Rep. Alfredo Abelardo Benitez of Negros Occidental’s third district said he and other congressmen are against the bill because it is antipoor.
Rojas said he has been getting calls from planters, not just in Negros Occidental but also from their member-associations in Luzon, the Visayas and Mindanao.
“They are all complaining about this bill. All of them are saying this tax will deal a harsh blow on the sugar industry which is already reeling from the effects of regional trade liberalization,” Rojas said.
He said manufacturers of soft drinks, juices and tea will not pass on the tax to their customers because they do not want their customers to stop buying their products. Obviously, they will insist that sugar producers bear the burden of the proposed tax.
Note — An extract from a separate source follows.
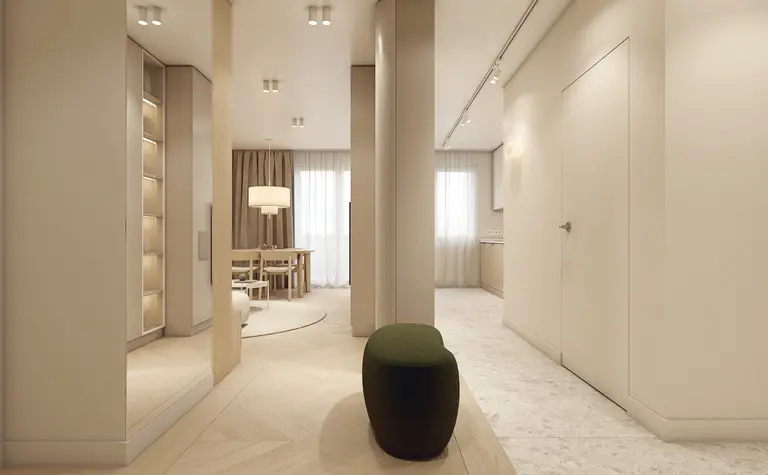 Wnętrze przedpokoju w stylu japandi z minimalistycznym designem, jasnymi kolorami i drewnem.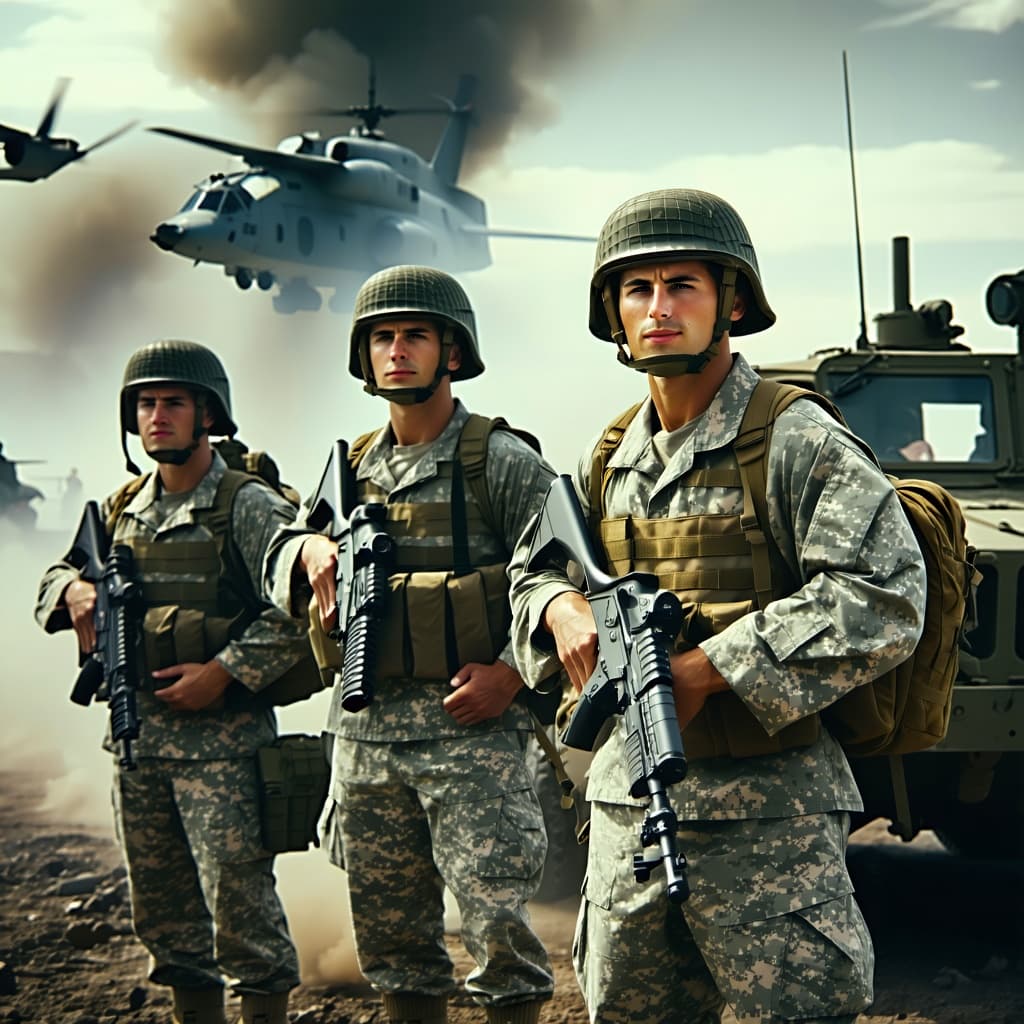 AI generated: imagine a veteran battlehardened elite squad of 4 among with a veteran sgt Smith. All soldiers of us...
The proposed tax is said to be a health and revenue generating measure. It aims to reduce consumption of sugar and sweeteners which, according to the bill, causes obesity, diabetes and other ailments. The tax is also expected to generate P35 billion annually for the government.
“They are absolutely wrong on both counts,” said Rojas. “There is no study which shows that diabetes and obesity are caused solely and exclusively by sugar consumption. Moreover, the projected P35 billion revenue is an illusion,” he said.
“Imposition of the proposed tax on sweetened beverages will result in lower sales for manufacturers and sugar producers,” he said.
A drop in sale of soft drinks would translate to lower tax collection for the government. Worse, reduced sales will result in mass layoffs of workers, he added.
“Government wants us to be competitive, yet it imposes numerous burdensome taxes on sugar farmers. In other countries, sugar producers are not taxed but are provided with subsidies by their governments. How can we compete against them?” Rojas said.